Since the birth of quantum computing in the 1980s, how to solve the error rate problem of quantum computing has become a major problem restricting the development of the industry. The traditional view is that as the number of quantum bits increases, more errors will be generated by external interference, and the error rate will rise accordingly, making large-scale stable calculations extremely difficult.
In 1995, quantum computing pioneer Peter Shor first proposed the theoretical hypothesis of quantum error correction. This hypothesis proposed the design concept of "fault-tolerant computing": that is, using multiple physical quantum bits to encode a logical quantum bit for calculation. Compared with the errors caused by physical quantum bits that are easily interfered with by external noise, logical quantum bits are an ideal design model proposed based on theory. They do not exist in reality, have stronger anti-interference ability, and have error correction capabilities.
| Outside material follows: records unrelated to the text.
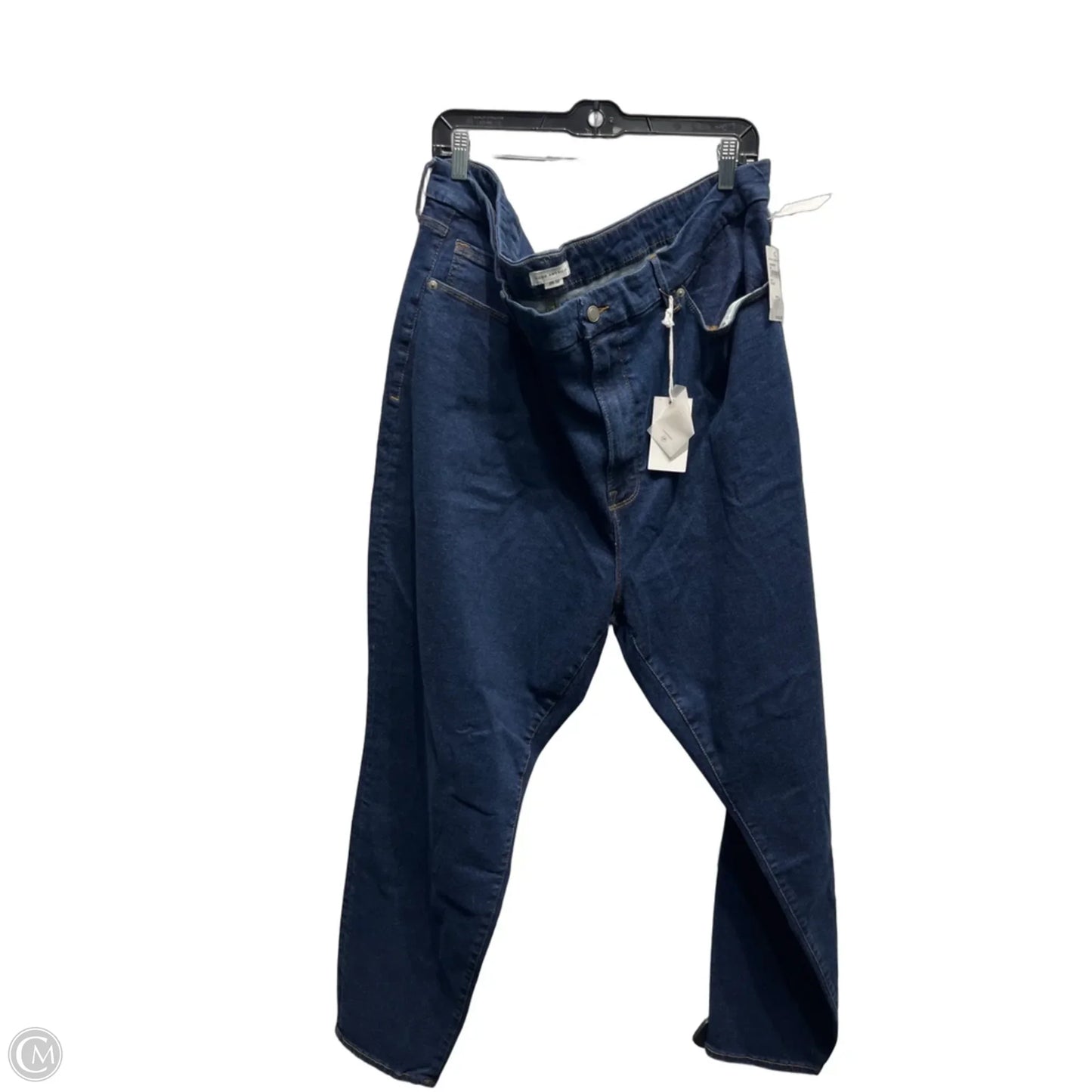 Jeans Wide Leg By Good American In Blue Denim, Size: 4x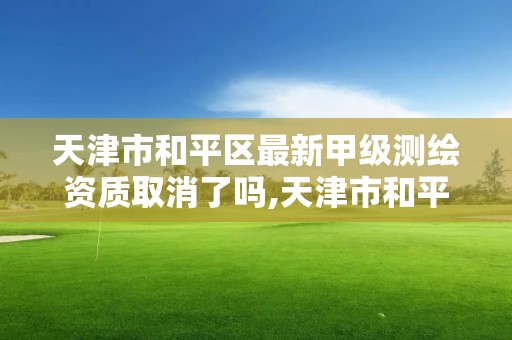 天津市和平区最新甲级测绘资质取消了吗,天津市和平区最新甲级测绘资质取消了吗今天。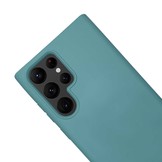 Samsung Galaxy S22 Ultra Telefoonhoes met koord Donkergroen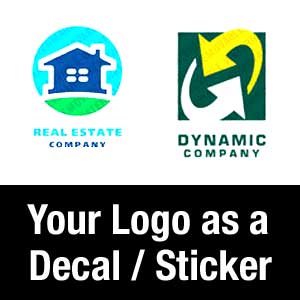 Your Company logo as a Decal / Sticker Your Company logo as a Decal / Sticker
Based on this hypothesis, the new design scheme will also collect the errors generated in the process and correct them through specific coding methods to control the error rate.
However, since the theory was proposed nearly 30 years ago, relevant research in the industry has been unable to verify the feasibility of quantum error correction. National research institutions in the United States, universities such as Harvard and MIT, IBM, Intel, and Google, as well as domestic research institutes, universities, and companies such as Baidu and Alibaba in China have invested resources in quantum computing research, but the error rate (logical bit error rate, that is, the error rate of logical quantum bits) designed based on related research is always higher than the minimum threshold for achieving quantum error correction capabilities.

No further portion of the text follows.